Años después, el asunto movería a polémica. Waldemar Espinoza[13] compiló en 1978 varios textos sobre la caracterización del Imperio de los Incas. Allí encontramos hasta siete posiciones en controversia: el modo de producción aldeano o del comunismo primitivo, el esclavista, el socialista, el social imperialista, el andino o incaico, el asiático y el de un feudalismo temprano. Investigadores tan disímiles como Baudin, Murra, Godelier, Golte, Lumbreras, Choy, Valcárcel, Roel, etc. protagonizaron el debate. Para Espinoza el modo de producción que corresponde al último Estado Imperial andino es el asiático. Al nivel del ayllu o comunidad aldeana, sostiene el historiador, no había propiedad privada de la tierra ni explotación del hombre por el hombre; en cambio, el Estado imperial --despótico, teocrático, guerrero y clasista-- era amo y señor de todas las tierras sobrantes, por lo que precisaba del trabajo colectivo de las comunidades subyugadas, es decir, la aristocracia dirigente del Estado Inca se afianzaba y sostenía gracias al esfuerzo ajeno. Agustín Barcelli[14] se pronuncia también a favor del modo de producción asiático, si bien --a diferencia de Espinoza-- prefiere definir al incario como una sociedad de castas (no de clases sociales).

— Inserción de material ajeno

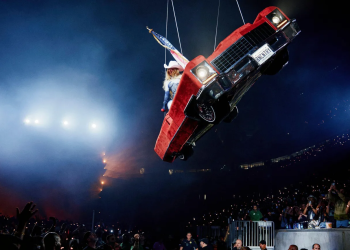 ‘Stop!’ – Beyoncé pauses show as flying Cadillac tilts mid-air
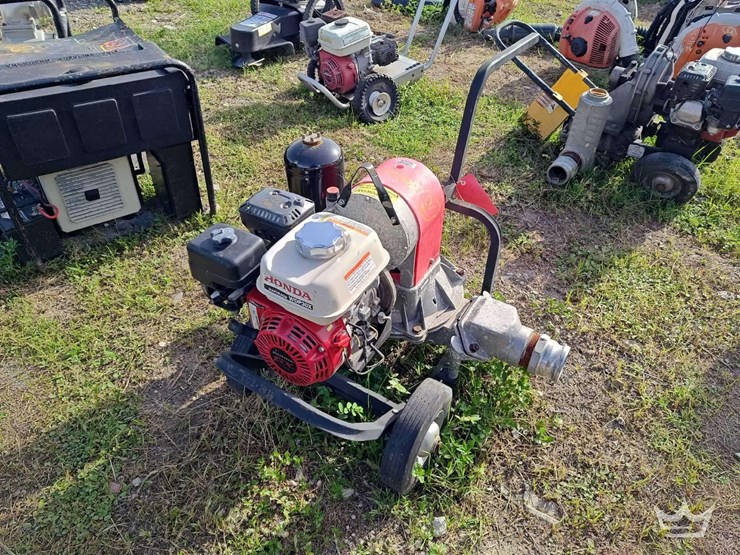 2015-honda-wdp30x-image-1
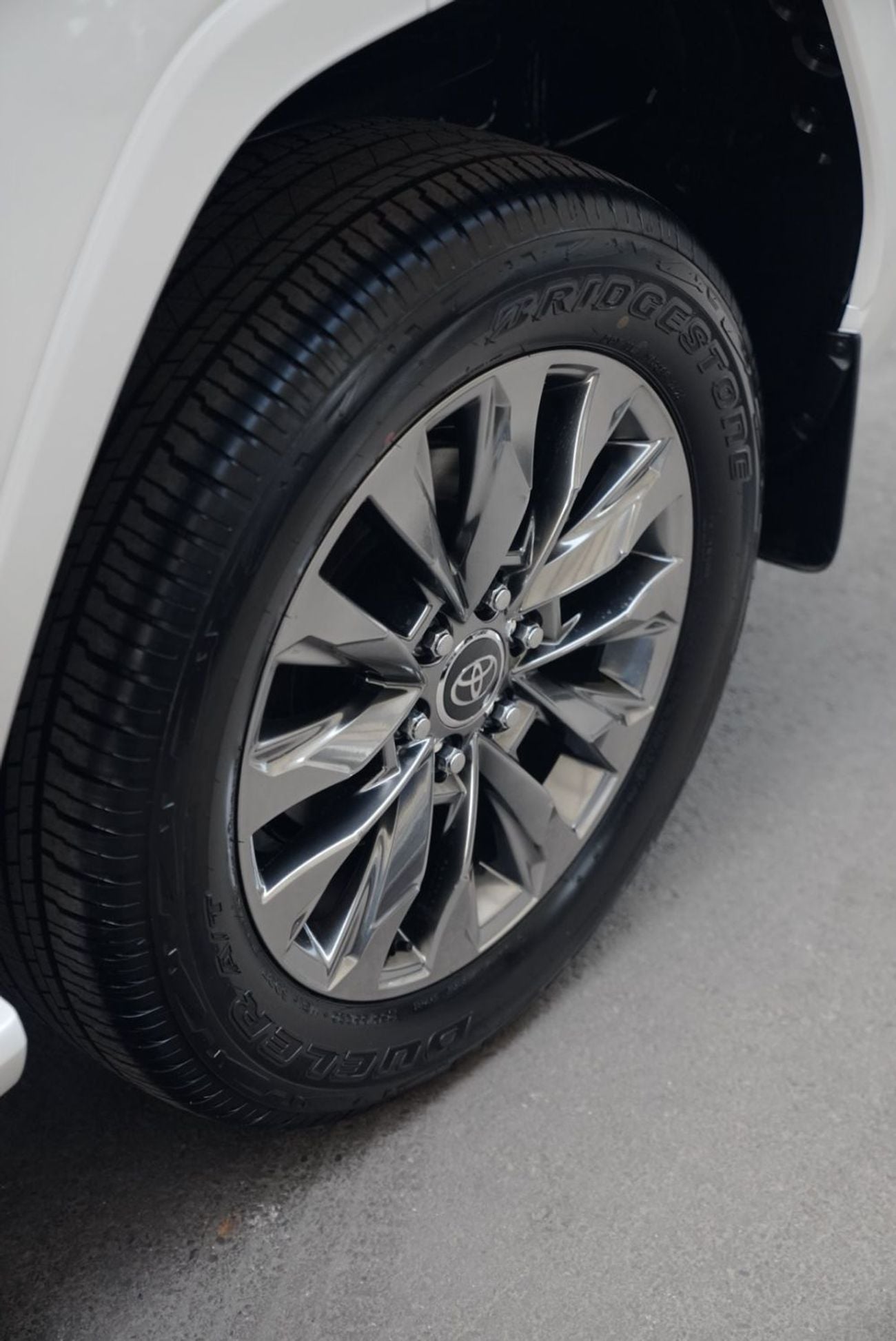 Toyota Land Cruiser VXR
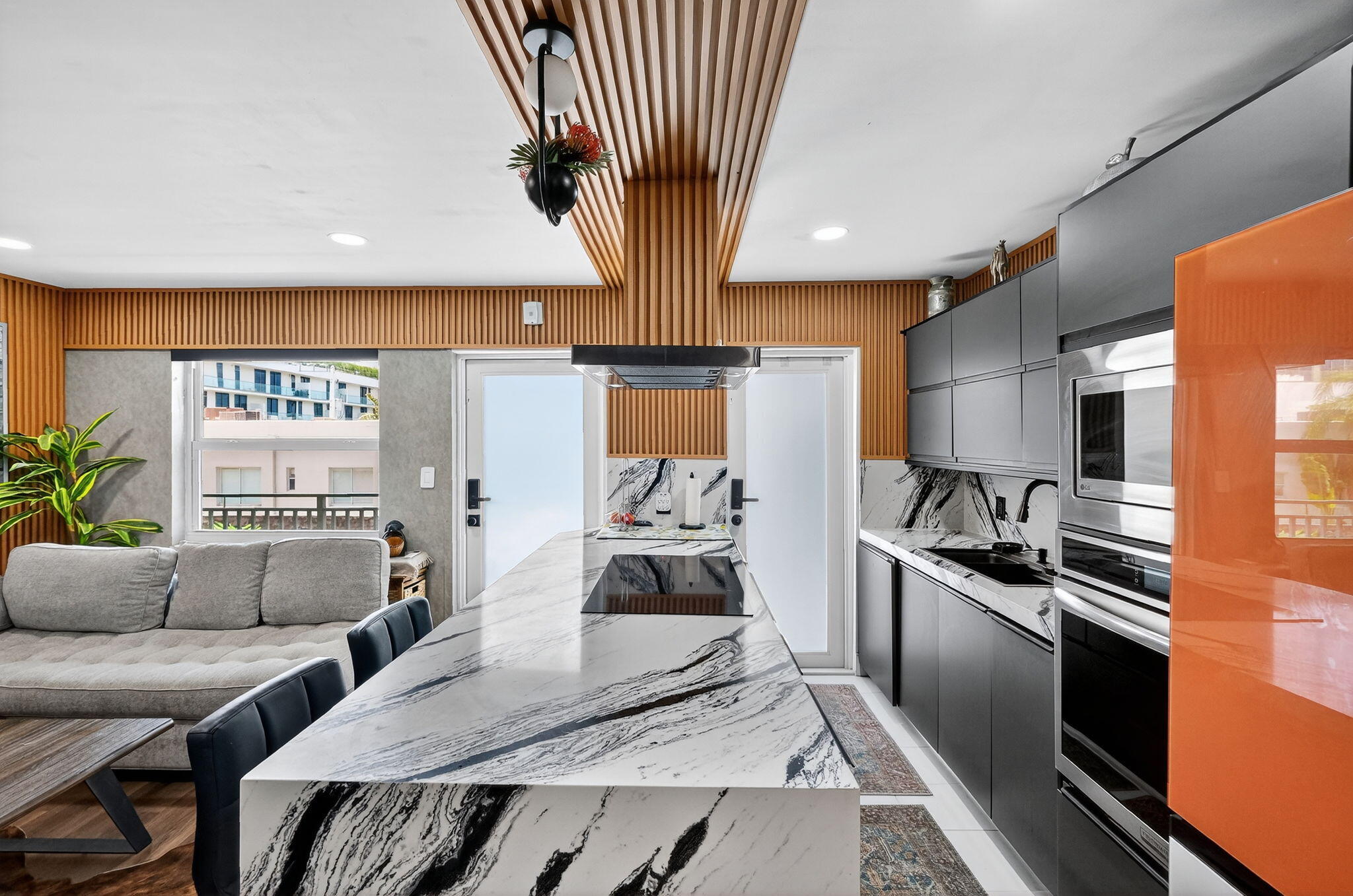 363 Washington #32 Miami Beach, FL 33139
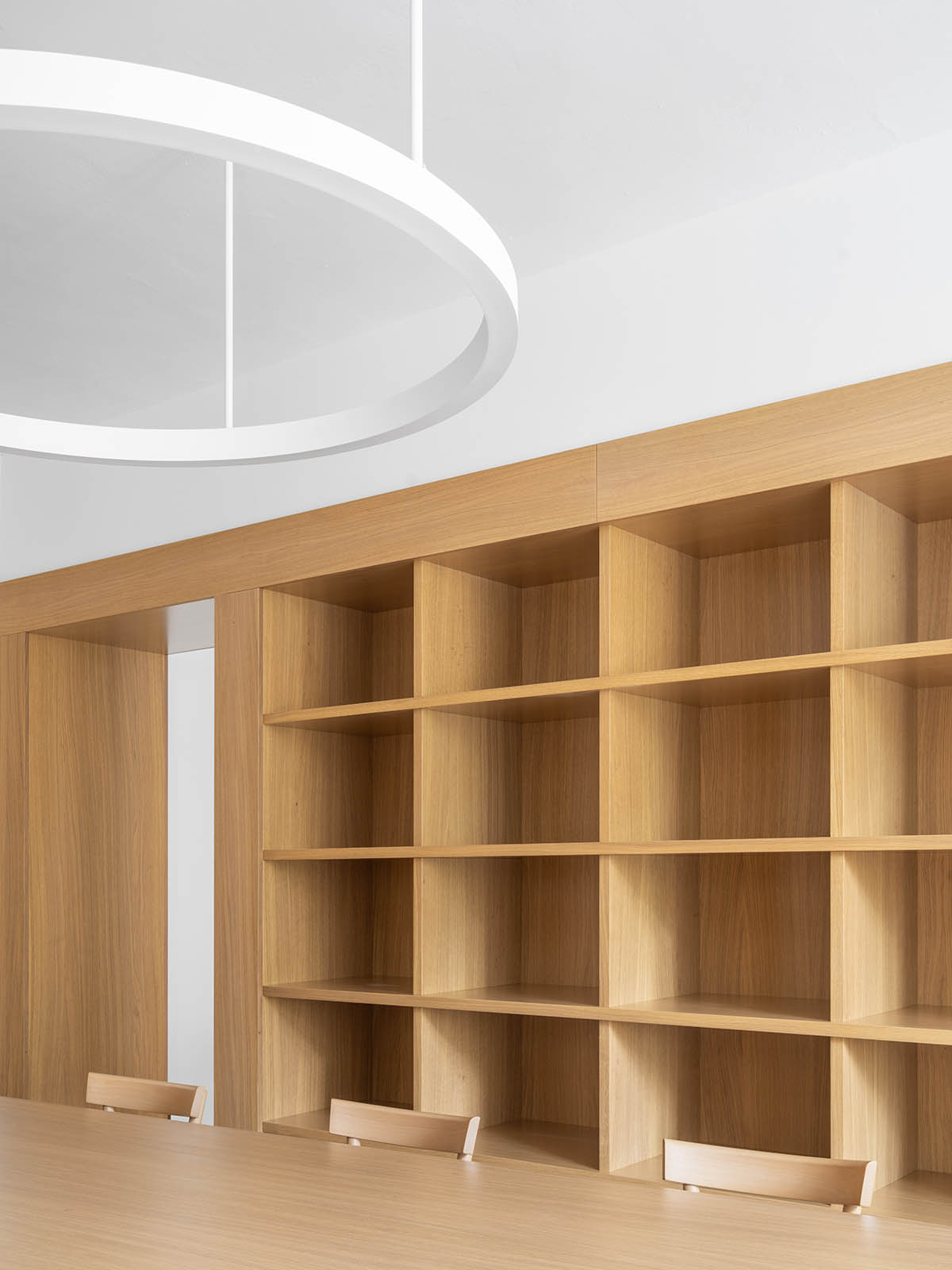 Brixen Public Library by Carlana Mezzalira Pentimalli acts like 
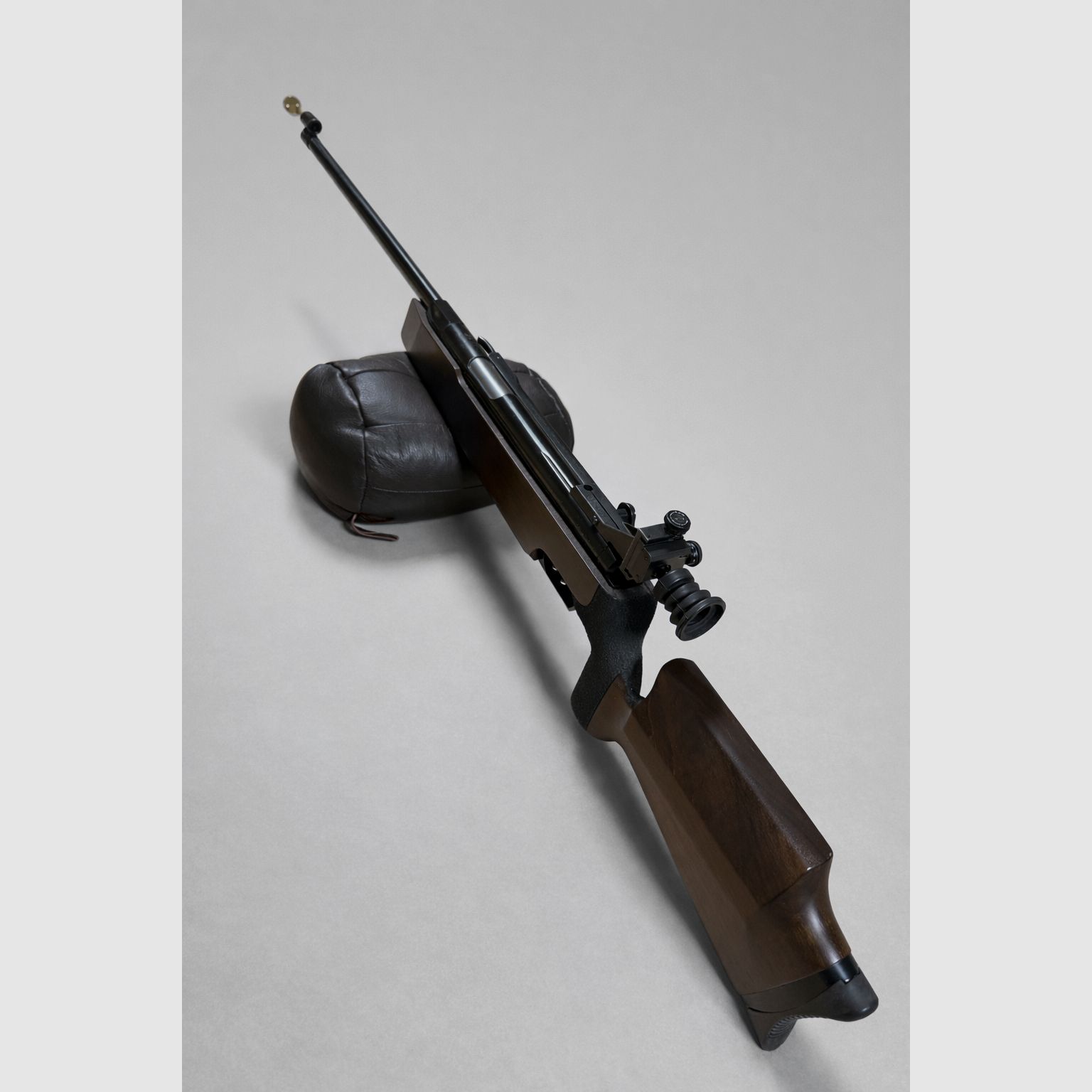 Air rifle Feinwerkbau Model 300 for right-handed shooters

Así pues, la visión idílica de “originarios” e indigenistas sobre el pasado andino no tiene base histórica. Jamás hubo en el antiguo Perú algo equiparable a un socialismo edénico. Al contrario, según Waldemar Espinoza, los distintos grupos étnicos que habían sido absorbidos por el Imperio de los Incas, “…veían en éstos a una clase explotadora, depredadora, usurpadora y abusiva de la que querían ansiosamente liberarse”[15]; el sentimiento localista era tan fuerte --dice Flores Galindo-- que cuando arribaron los españoles “…los Incas no tenían ni un siglo de historia y no habían podido fusionar a las poblaciones andinas, que todavía se distinguían por regiones y localidades”[16]. Fueron, desde luego, estas hondas fracturas sociales las que posibilitaron la Conquista. Peor todavía, la destrucción del Imperio de los Incas es obra de los andinos. Resulta que diversos curacazgos (huancas, cañares, chachas, chancas, caracaras, etc.), lejos de rechazar a los invasores, se aliaron con ellos a fin de abatir a los pobres cuzqueños. En consecuencia, “…la propia población andina fue la que destruyó el imperio político, social y económico de los incas para entregar sus bienes y fuerzas de producción a los españoles” (Waldemar Espinoza dixit[17]).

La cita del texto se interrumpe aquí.